Some frequently cited sources turned out to be an urban myth. You may have heard of the one reporting that ‘the 3% of students who had written goals earned on average 10 times as much as the other 97% of the class combined, 20 years later’.
Thought provoking, but sadly it has never been proven. No such research has been conducted. I am 99% sure ;-)
Luckily, the hype around this goal setting myth did cause researchers to put on their white coats and actually investigate the effectiveness of goal setting.
It turns out the legitimate results were arguably just as impressive as the myth: those who write down goals are 42% more likely to achieve their goals than those who don’t write goals down.
Why is writing goals so hard?
The report does not list any reasons for ‘why’ writing down goals appears to make people more effective. It also doesn’t reveal why writing down goals is often much harder than we think, despite the many goal setting acronyms and templates that are available to start you off right. You might start to feel a bit embarrassed.
Luckily, there is nothing to be embarrassed about. Many literary masters have skillfully and concisely worded what makes writing so hard for them. Hardly a surprise they can, since they’re writers. Writing entire books, however, is harder than even their authors thought.
It seems many quotes by literary masters about writing books apply to writing down goals too. Hardly a surprise marketers can fill up a to do list, but setting proper goals is always incredibly hard for everyone.
Guided by some brillant qoutes about the pain and glory of writing, let me explain why writing down goals is so hard, and why mastering it should be everyone’s primary goal.
Asking ‘why’ is an uncomfortable investment, with great returns
Although it may look simple at first, deciding on which goal to pursue can be incredibly hard. You’ll have to become very specific about what you want to achieve. That means asking yourself ‘why’ it is you do things, while all you’ve been doing up until now is ask ‘how’. Inevitably, your first attempts will leave room for improvement.
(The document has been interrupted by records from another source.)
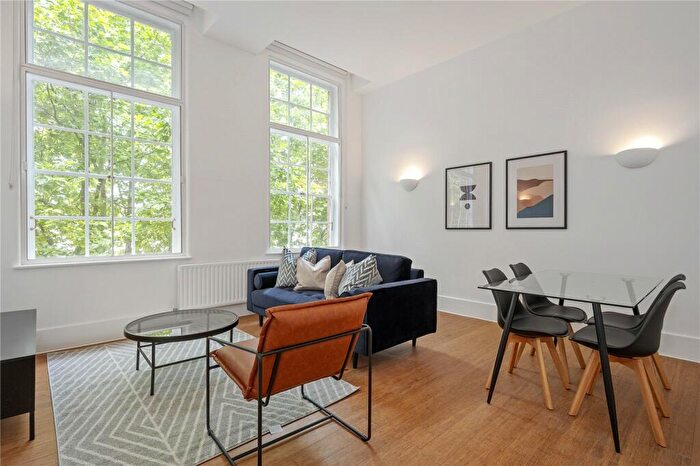 2 Bedroom Apartment To Rent In St Mark's Apartments, City Road, London, EC1V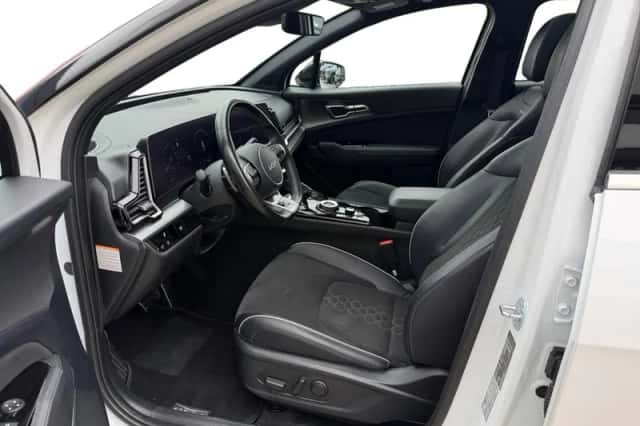 Kia Sportage (2023) thumbnail 3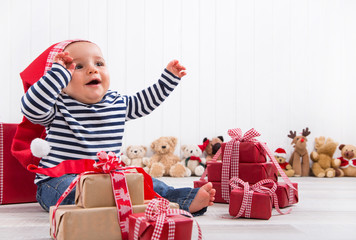 Kinderaugen an Weihnachten - Baby mit Geschenke zum Fest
Envisioning in great detail is hard
If you don’t write you goals down and you just keep it floating around your head for a couple of years, you tend to become sloppy: “well, you know, I know it’s not perfect, but I know what I mean in the back of my mind.” You’ll be tempted to glance over things and cut yourself too much slack.
Invite imperfection to hit you in the face and improve
Like a sculptor, you’ll need to create something to walk around a couple of times to see what’s wrong with it, and how it can be improved. Write your goals down and force yourself to read over them a dozen times. Dare to apply newfound knowledge to improve upon them. In constantly changing business environments, you’ll be reviewing your goals every (couple of) week(s). You need to be on top of your goals like you are on top of your last email or post-it note.
It feels great to have the reassurance that what you’re doing adds value. It feels great to write down goals.